● **RECORDS SHOWN**
----------------
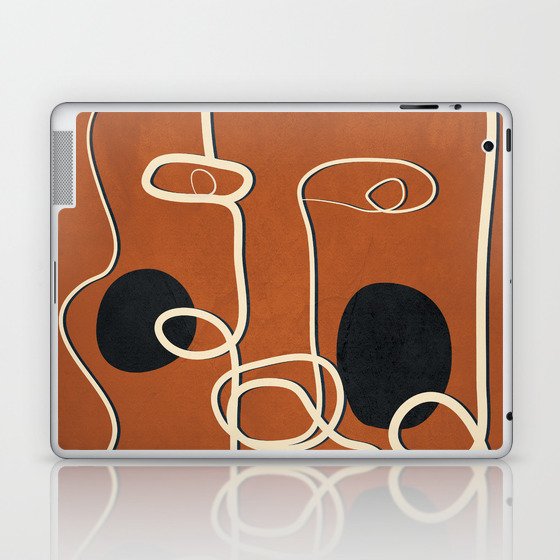 Abstract Face Line Art 05 Laptop & iPad Skin
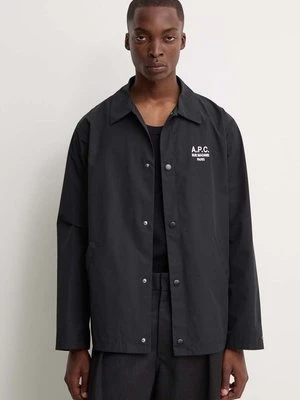 A.P.C. kurtka koszulowa blouson regis kolor czarny przejściowa oversize PSAJB.H02960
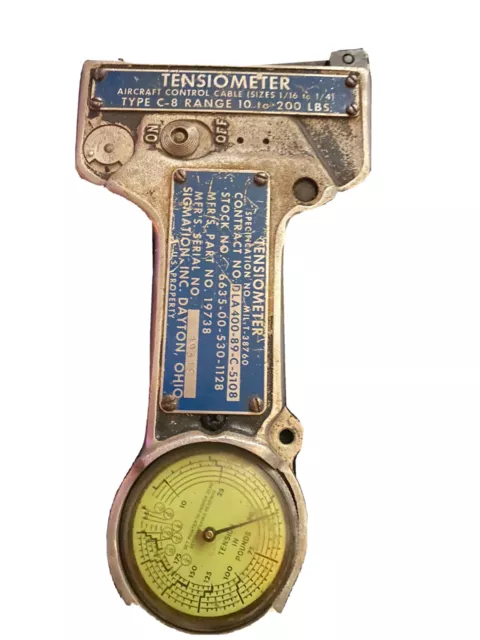 TENSIOMETER  Aircraft Control Cable Type C-8 Range 10 To 200 LBS.  (1/16 to 1/4)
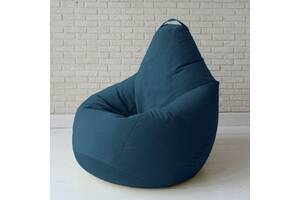 Безкаркасне крісло мішок груша з внутрішнім чохлом Coolki Велюр Темно-синій XXXL140x110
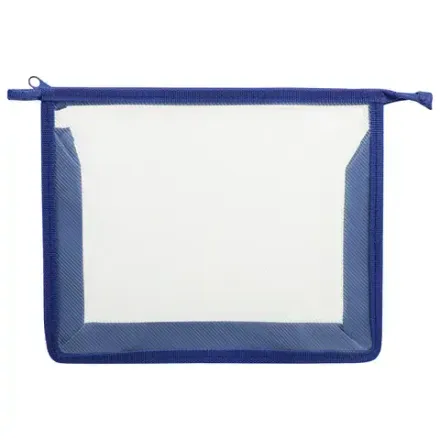 Папка для тетрадей 1 отделение А5 на молнии Пифагор, пластик, прозрачный синий кант.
----------------
● **WHAT THE EXERCISE ASKS**
Please keep the pictures out and reproduce the records above exactly.

● **ANSWER FOR THIS EXERCISE**
 Abstract Face Line Art 05 Laptop & iPad Skin
 A.P.C. kurtka koszulowa blouson regis kolor czarny przejściowa oversize PSAJB.H02960
 TENSIOMETER  Aircraft Control Cable Type C-8 Range 10 To 200 LBS.  (1/16 to 1/4)
 Безкаркасне крісло мішок груша з внутрішнім чохлом Coolki Велюр Темно-синій XXXL140x110
 Папка для тетрадей 1 отделение А5 на молнии Пифагор, пластик, прозрачный синий кант.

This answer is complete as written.